You can get hickory and mesquite at *true value hardware* over there, maybe even apple and cherry but the ones i saw were wood chunks, not chips. and they ARE NOT CHEAP. I'd have to check with wife but best I can remember, I paid close to $15 for a 2lb or so bag of mesquite chunks. Your best bet on american flavors is going to be putting several bags in a balak bayan box and ship em over like that along with other harder to get things. We use both LBC and STAR shipping services depending where we're shipping from. Shipping out of knoxville tn, the boxes are 18x24 and 24tall. Las Vegas and Chicago area LBC boxes are only 18in tall with LBC, the star boxes in chicago are 24 tall where we ship from in Elgin. I currently have 10 lbc boxes ready to go back to chicago next time i go, between them, they contain over 120lbs of hickory, mesquite, and apple along with LOTS of other stuff.

Another consideration, todds amnps cold smoke generator, I got one, all the wood i'm taking is in pellet form to go in it, since i'm going to just build my hot/cold smoke chamber once i get there. 

If your think you might be *curing* bacon or something that will require pink salt, I DO RECOMMEND getting your pink salt here and bringing it with you. That way you KNOW WHAT YOUR % of nitrite is. I saw pink salt over there in several grocery stores and always looked for the % content and never saw it listed. Not saying it can't be found with the proper %age, its just far simpler to take a lb or 2 with you as you go and KNOW you got the right stuff to begin with. 

Jc


----------



## bang4dabuck (Sep 30, 2013)

CDO  wow! Nah I am going to try living there but I don't think its the best place. I am thinking for a couple of years to get my feet wet and then I am thinking Thailand, Malaysia, Costa Rica, Panama, Mexico or Uruguay per my reading of International Living, places they recommend. I have a friend from here and his family and I met a nice woman that I am very close with so I got some footing. Anyways plan is to stay in the burbs of Cebu City like Talisay or Minginilla. My smoking will probably be the standard stuff, pulled pork and ribs. Everything else costs a fortune as far as beef and turkey go. I'll tell you though if I was already situated there and I was returning from here I'd load up a 16 pound frozen bird but just Thanksgiving it with sweet potatoes , mashers, cranberry sauce and sage sausage dressing and a nice 10 lb or so brisket for the smoker. Anyways so you don't know of any local wood there that would work good? I might have to smuggle in some hickory chips then I guess. They don't weigh much but we'll see. The list is getting mighty long. My name is Dave BTW and nice meeting you. Figure out the smoking, how to get American TV, any bars to watch the games on Monday morning and where the fish are biting I'll have it made LOL. Oh yeah one thing great about the Phils is San Miguel, a great beer and Tanduay white (I've been warned to stay away from the dark rumors of toxicity) a good but cheap rum. The other thing , I am hoping for a good at least 1500 watt ELECTRIC hot plate. Bringing my Maverick remote therm. Keep in touch !!!

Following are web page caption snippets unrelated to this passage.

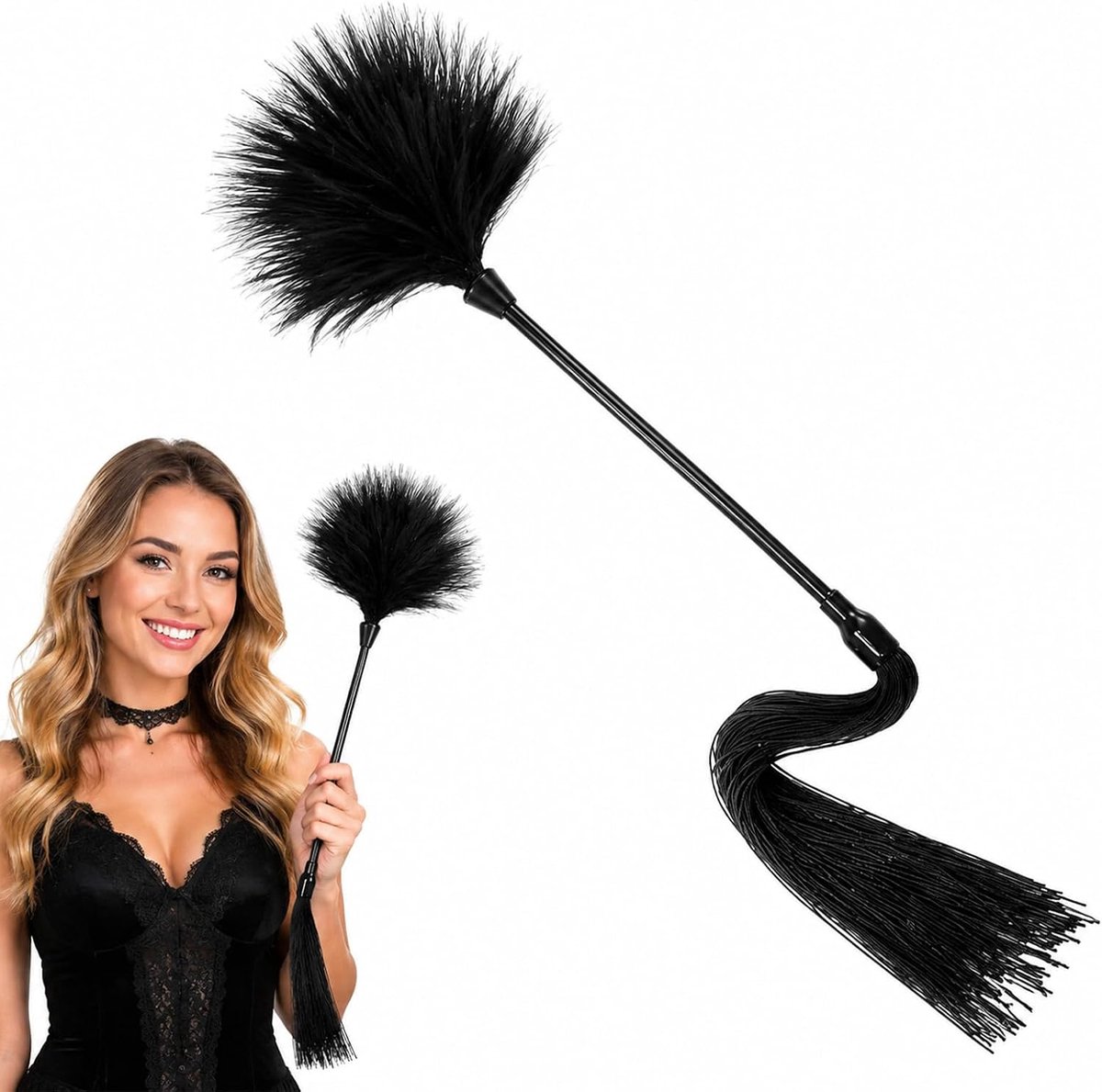 Zwarte veren plumeau met siliconen handgreep decoratieve veerkwast met franjes cosplay accessoire lichte handplumeau - ShopVlot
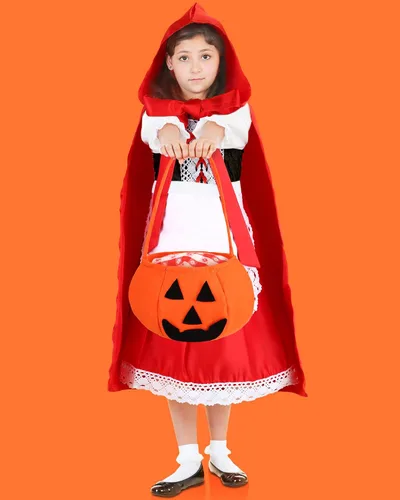 Vista 4 de Conjunto de disfraz de capucha para montar con capucha roja para cosplay con capa y diadema para niñas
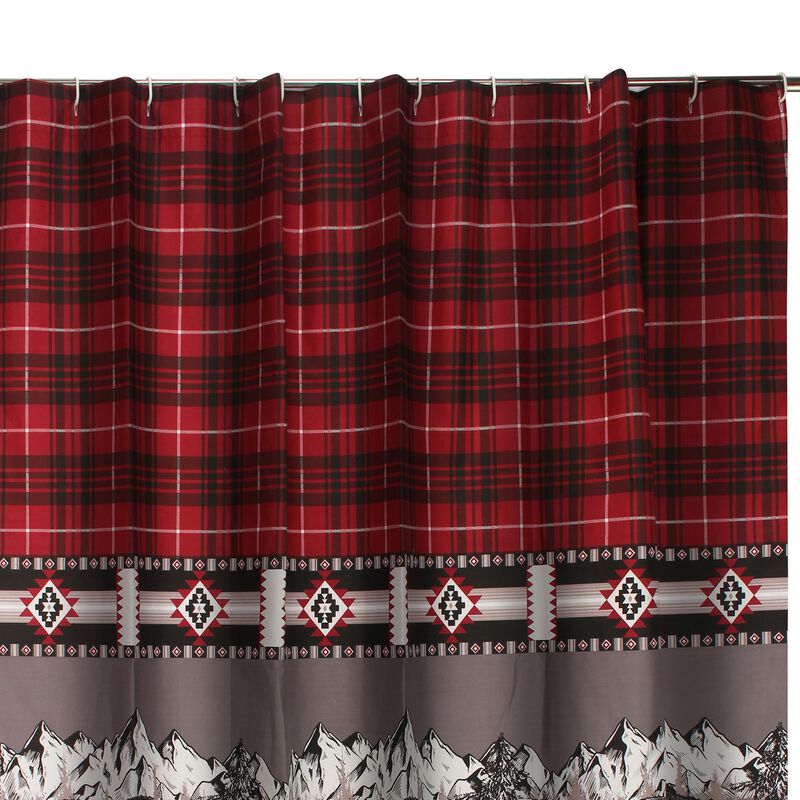 Sofia 72 Inch Bear Shower Curtain, Red and Black Plaid, Poly Microfiber-Benzara
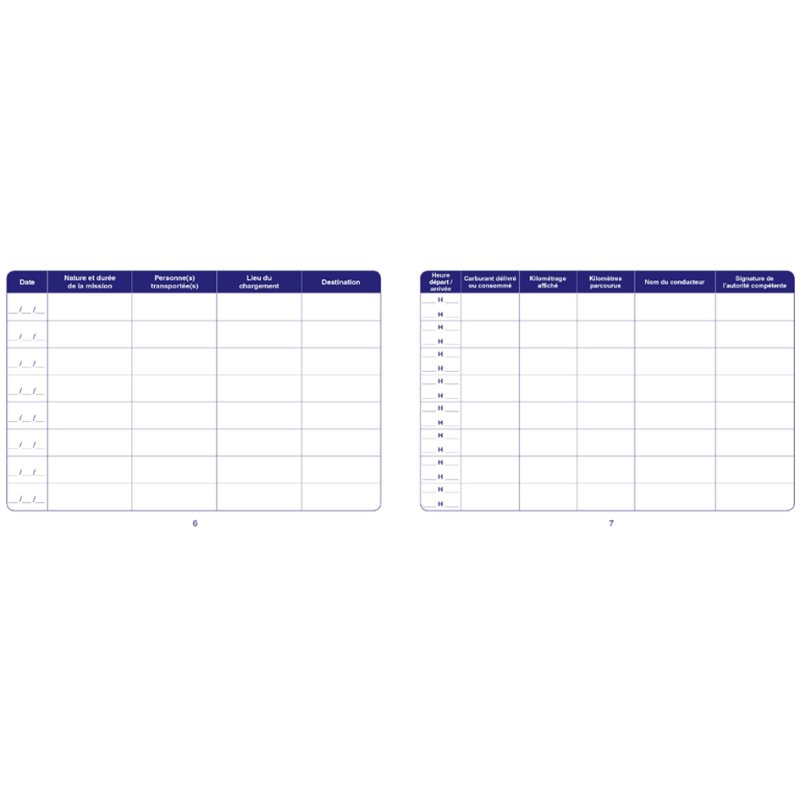 ELVE bloc de conduite véhicules professionnels, 150×215 mm, couverture orange, 64 pages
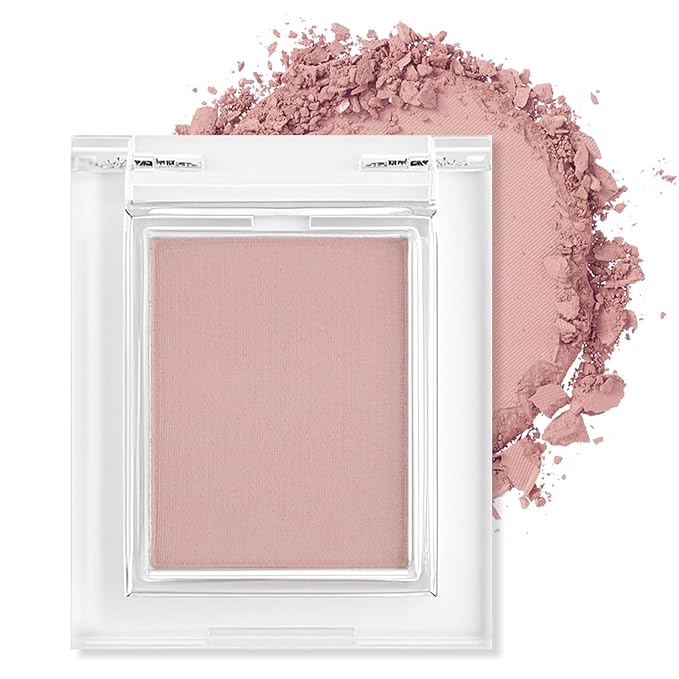Erinde Single Matte Eyeshadow Palette, Velvet Eye Shadow Compact Powder Natural Makeup, Long-Lasting Eye Makeup, Ultra-Blendable, Pigmented Color, Vegan Formula, H08 Pale Mauve
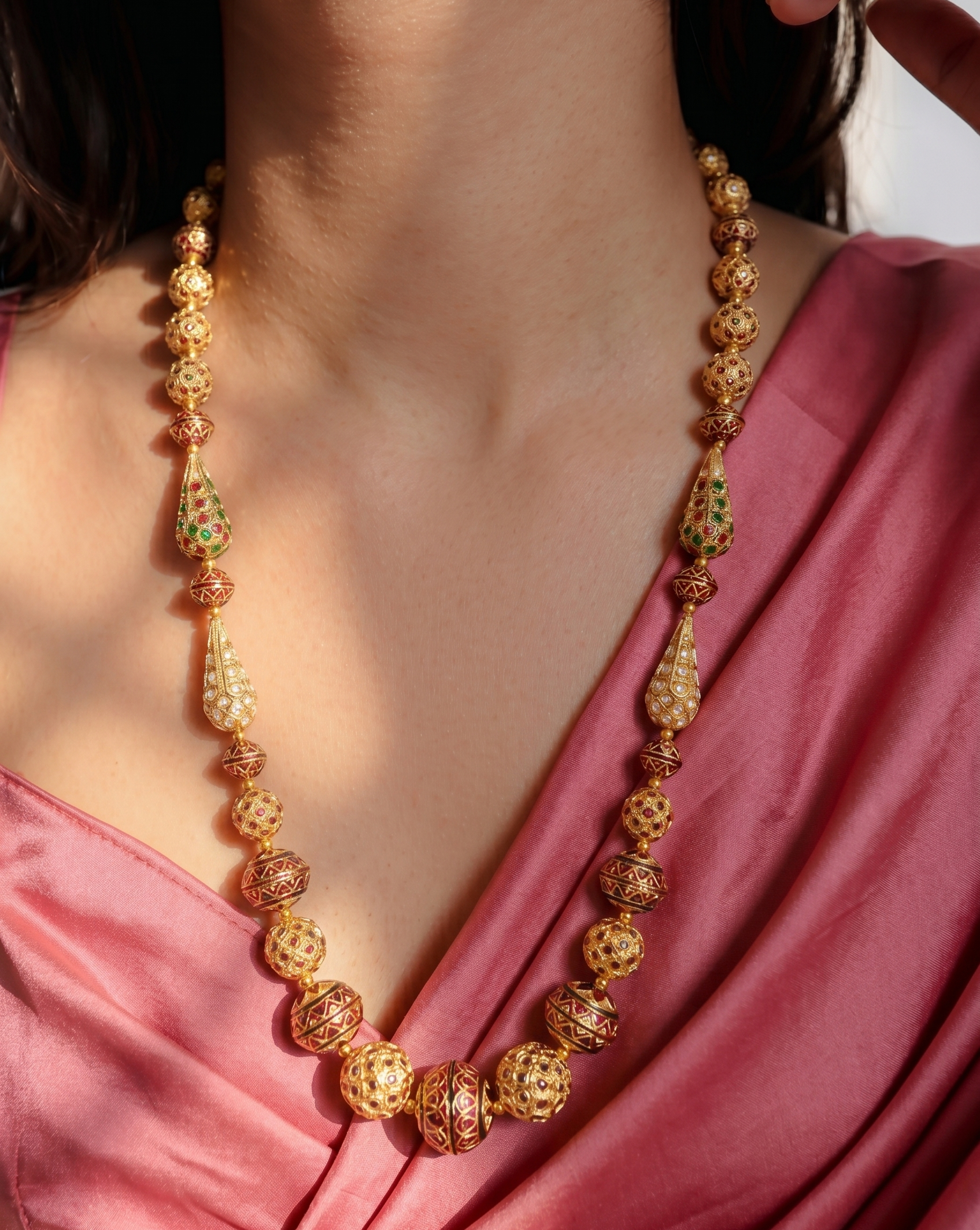 Red Meenakari Jadau Necklace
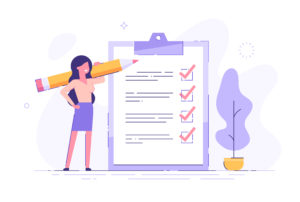 businesswoman checklist concept illustration 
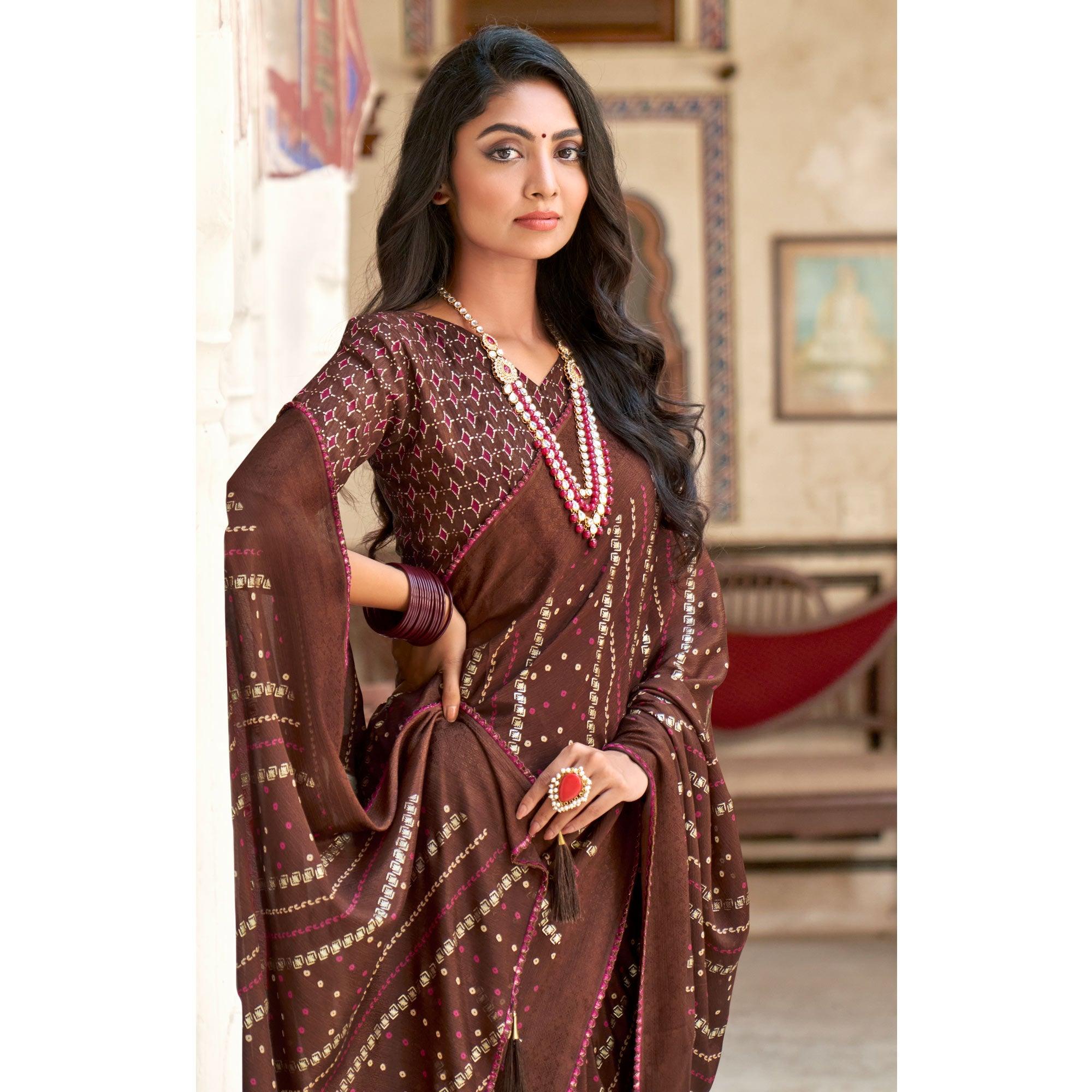 Brown Bandhani Printed Chiffon Saree With Tassels - Peachmode
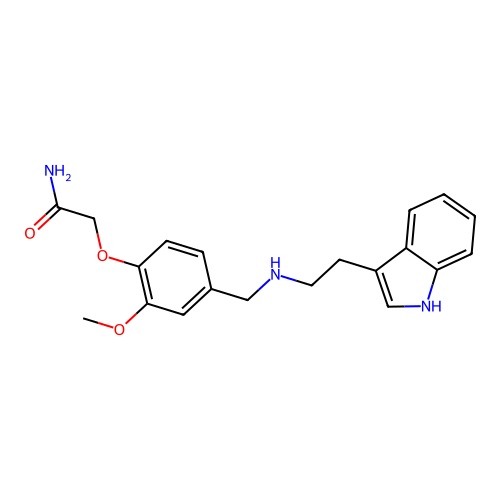 2-[4-({[2-(1H-indol-3-yl)ethyl]amino}methyl)-2-methoxyphenoxy]acetamide structure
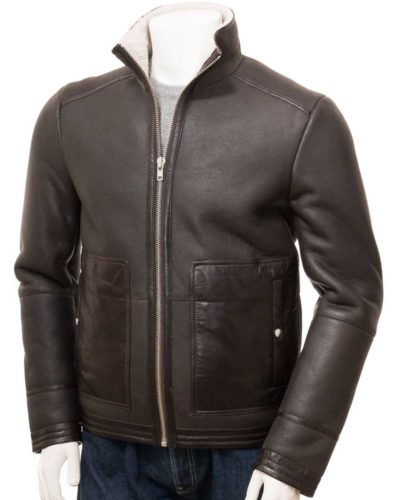 Mens Leather Sheepskin Shearling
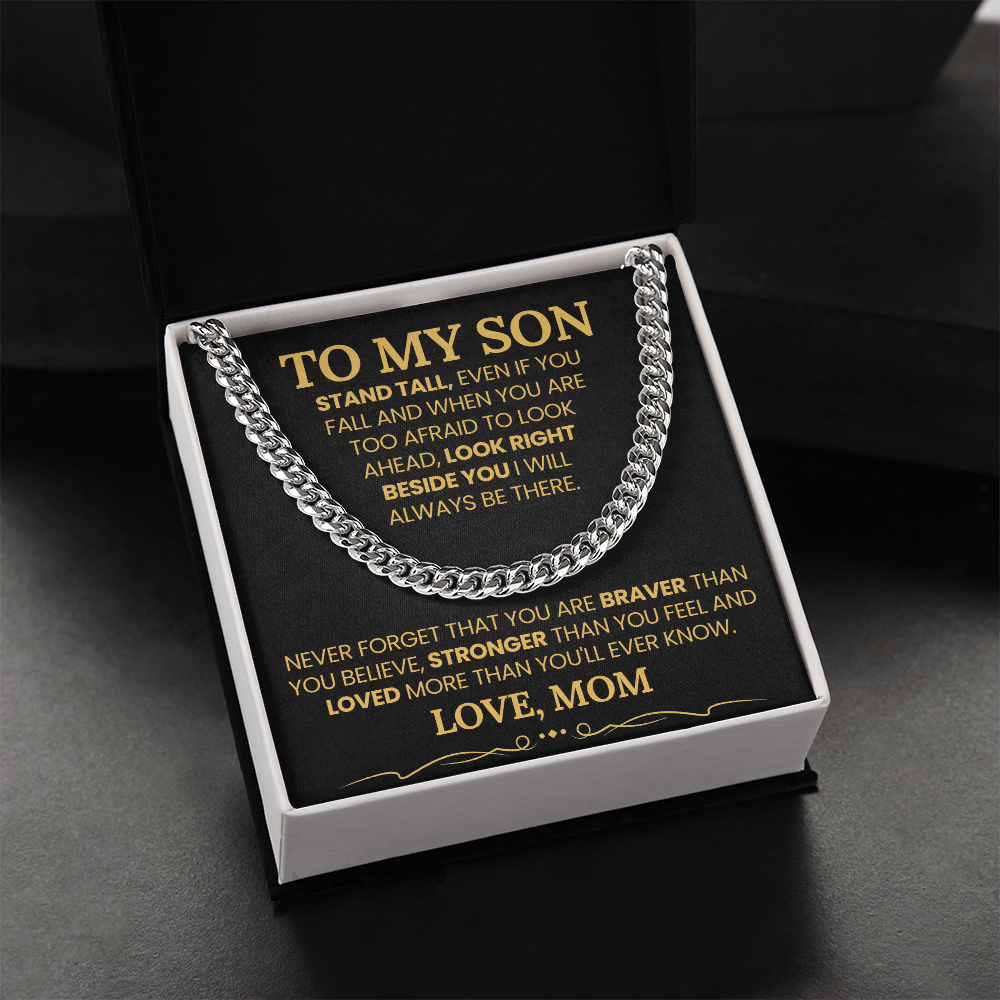 TO MY SON CUBAN LINK CHAIN FROM MOM.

PS: Did you ever do a cost benefit analysis on the balikbayan  box. Seems not worth it to me on a cursory view. I say might be cheaper to take an extra bag on your flight and pay or hit the local S&R (Costco like). Just curious.


----------



## junkcollector (Oct 1, 2013)

Dave, I'm Louie, dum bass (cause smart fish don't end up in a skillet), call me anything you like, just not late for dinner.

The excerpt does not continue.